Au dissolution curve in 24 h. Dissolution process was monitored by FAAS for 24 h and dissolution curve was plotted against time. k ₁, k ₂, and k ₃ are predominant dissolution rates at different times of the reaction progress (0–2 h, 2–13 h and 13–24 h, respectively). They were calculated as tangential rates with slopes of 41.7 % h⁻¹, 3.5 % h⁻¹, and −1.1 % h⁻¹, respectively. I₂ concentration drop is manifested as a discoloration of the reaction after 2 h.

Figure 4

Au dissolution and relative intensities for species 1, 2, and 3 in the first 3 h.

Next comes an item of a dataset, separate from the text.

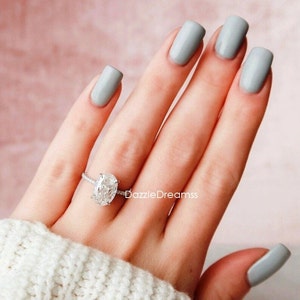 May include: A close-up of a hand wearing a silver ring with a large oval-shaped diamond. The hand is painted with a light gray nail polish.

Intensities for species 1 ([M]⁻ with m/z 451), 2 ([M−H]⁻ with m/z 473), and 3 ([M−2 H]⁻ with m/z 495) were monitored by ESI‐HRMS in negative mode for the first three hours of the dissolution reaction. The highest intensity was set to 100 % and other data was adjusted accordingly. Intensities were combined with FAAS dissolution curve and plotted against time. Intensities of 1 and 2 rise at the beginning and are then constantly present to some extent, while the intensity for 3 closely follows the dissolution curve (which is in agreement with the proposed mechanism). At 3 h, the ratio between 1, 2, and 3 reaches 1.1/7.7/100.0.

Figure 5

2‐MBI derivatives and another Au species identified in the reaction mixture. Different species were identified from ESI‐HRMS in positive mode and ¹H NMR spectrum of the reaction mixture, including disulphide 5, sulphide 6, and trisulphide 7. Benzimidazole (8) and another Au species, (4) were also detected by ESI‐HRMS but with low intensity.

Figure 6

Precipitation of Au and recycling of 2‐MBI with NaBH₄. NaBH₄ was added directly to the scaled‐up reaction mixture with 20 mg of dissolved Au. Black quantitative precipitate was collected and identified with SEM and EDS as elemental Au with 92 % isolated yield. After evaporation of reaction solvent and quenching of the residue with diluted aqueous HCl, pure 2‐MBI was regenerated with 41 % yield.